If you were in my shoes, how would you leverage this tech within Google Photos? Knowing that the system can automatically backup your lifetime’s worth of moments, then automatically synthesize things like movies & stories, what would you have it create on your behalf?
PetaPixel notes,
The system is far more intelligent than a simple tagging system. It not only picks up on the details, like a color or object, but also understands the scene in context. In other words: it can not only understanding that a photo has ‘snow’ and ‘trees’ in it, the program could tell you that, “the snow is falling in front of the line of trees.”
The program automatically captioned this: “Two pizzas sitting on top of a stove top oven”


Coming from a somewhat forensic background, I’d love to see emergency capabilities. People always forget details when accidents or other emergencies happen. Having a special mode for quick enable and enhanced tagging/recognition would be great for those situations. For example, you snap a pic of an auto accident, perhaps it could then prompt you with other possible shots you might need, such as street signs, surrounding area, driver’s licenses, license plates, witnesses, etc.
Some legal implications, to be sure, but there are lots of possibilities here.
Alternatively, I’d love to use this for basic tag development in a photoshoot. Let it generate some tags based on a template from one image, that you can have it sweep to the rest of the shoot. Let’s say you’re wandering in a given area, but the subjects keep changing – something we all do.
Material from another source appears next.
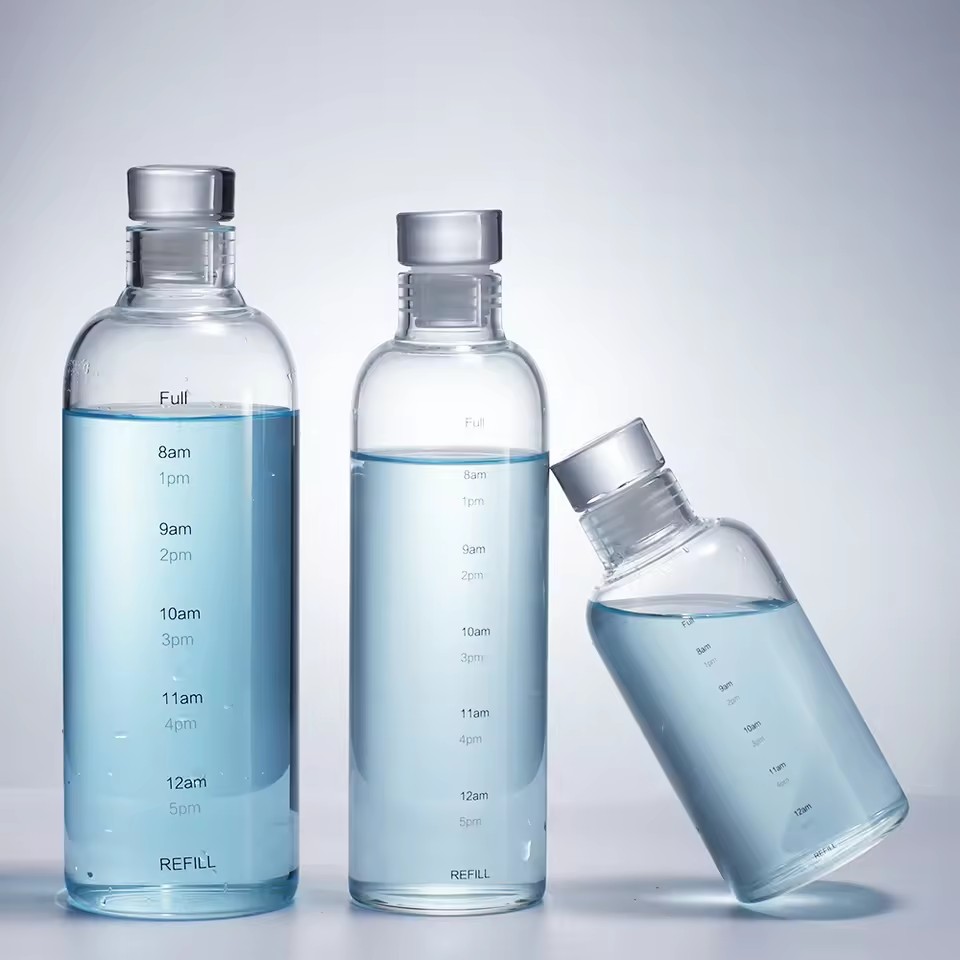 500ml/750ml Time Scale High Borosilicate Glass Bottle Food Grade Bubble Screw Cap for Tequila Water Clear Pot Empty Bottle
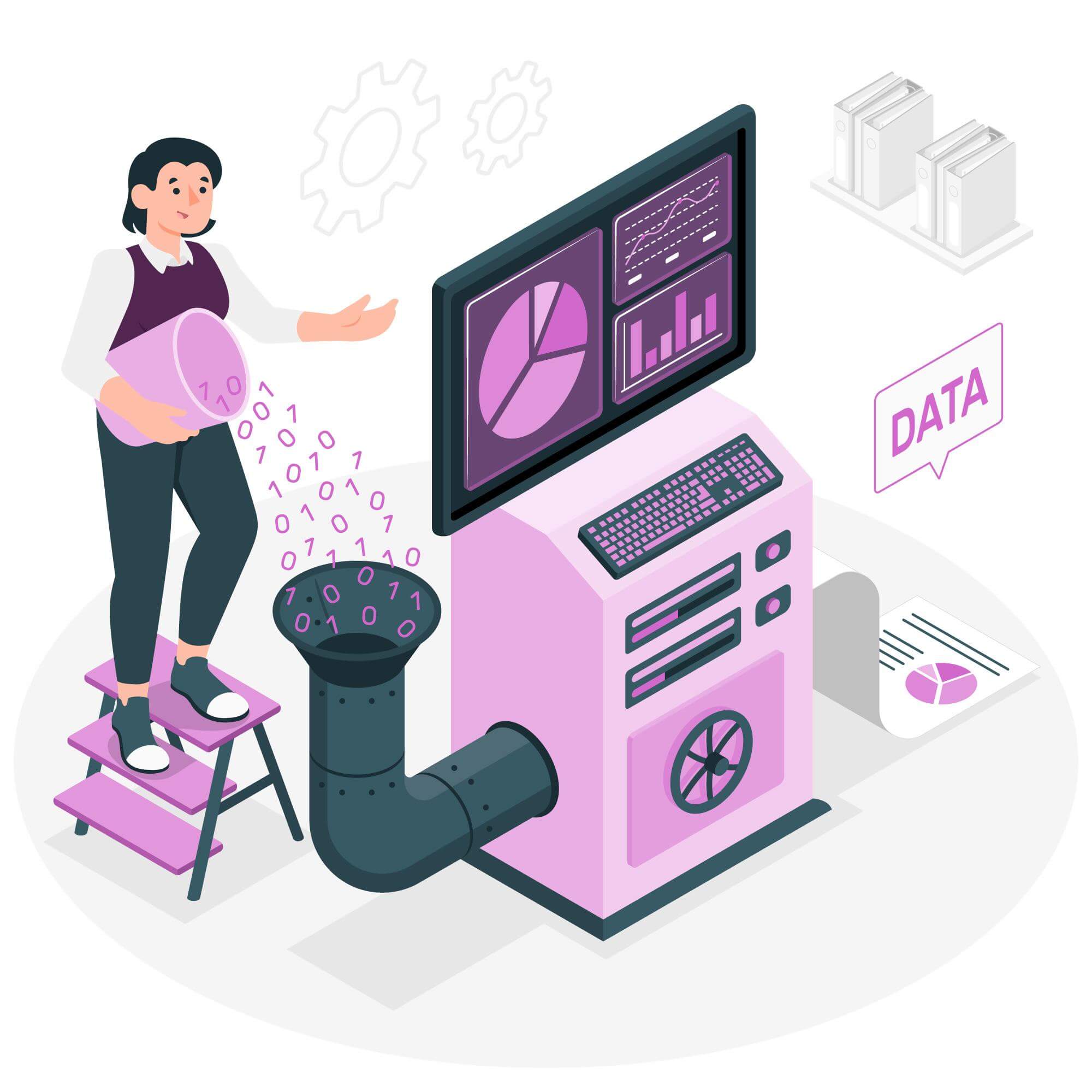Imagen de procesamiento de datos para obtener un resultado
Refining tags is always a pain, but if you can just pick a small handful of images with representative elements you care about, ID those (such as people’s names, key background structures, characteristics like major color, etc.), and let it spend more processor time there.
A more advanced version of that would be phenomenal for building a stock library. Something I’ve wished for in Bridge is the ability to localize tags on an image. That is, on a given image isolate a region and apply the tag there. When you search on that specialized tag, you only get the selected region. Think about building up a library of stock elements such as hair, eyes, fabric, etc. without having to build massive swatch libraries.
I would like to train it to recognize specific criteria that I find important. This would be in addition to the Google algorithms.
Recognizing brand names and logos could be very helpful to marketers. Face recognition is of course helpful in many ways, especially for personal photos. If there was a way to characterize the overall mood, environment or type of situation (playful, industrial, outdoor, retail, suburban streets, etc.) that could help in many ways, as well.